For real though, the marathon was nuts. Day 1 was strong right out of the gate and I think it was the best Day 1 of the online era of marathons, Days 2 and 3 had some solid runs, Day 4 was swallowed up mostly by a run of Golden Sun: the Lost Age that remained a fun watch all the way through and has its fair share of great runs before and after it, and it only got better in the final three days. Day 5 brought the chaos that was the Silly Games Done Quick block, the Sonic block, two runs focused on the DLC for Doom Eternal, and a Generation V Pokémon race. Day 6 was the sole TAS run of the marathon followed by two very, very hype rhythm game showcases (separated by a run of Breath of the Wild), and Day 7 was the unofficial, day-wide "Nintendo block" co-starring Super Meat Boy Forever (the game that got advertised again and again during the GDQ marathons for years) and two Souls games, concluding at the very end with Kingdom Hearts II. Of course not every run was a hit for me, considering some of the games I did see felt very samey (all the first-person games I noticed in the late hours throughout the marathon and the four hours of five Castlevania games in a row on Day 3).
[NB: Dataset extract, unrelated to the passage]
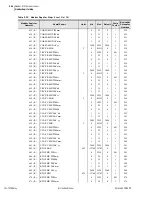 Preview for 508 page of Sel 751A Instruction Manual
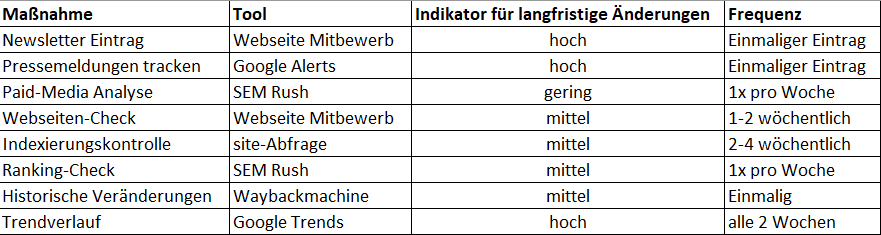 Business-Lösungen: Hilfstabelle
The Mega Man runs all being on separate days in lieu of a full block and two of them taking place in the early mornings instead of the usual late morning/early-to-mid afternoons used by major franchises was also a move that I didn't agree with either, though at least it was an improvement over SGDQ 2020's single Mega Man run.
At the end of the day it was nice being able to take the week off and enjoy some games and now I'll be trying to get back to my regular schedule and find the motivation I desperately need in these times.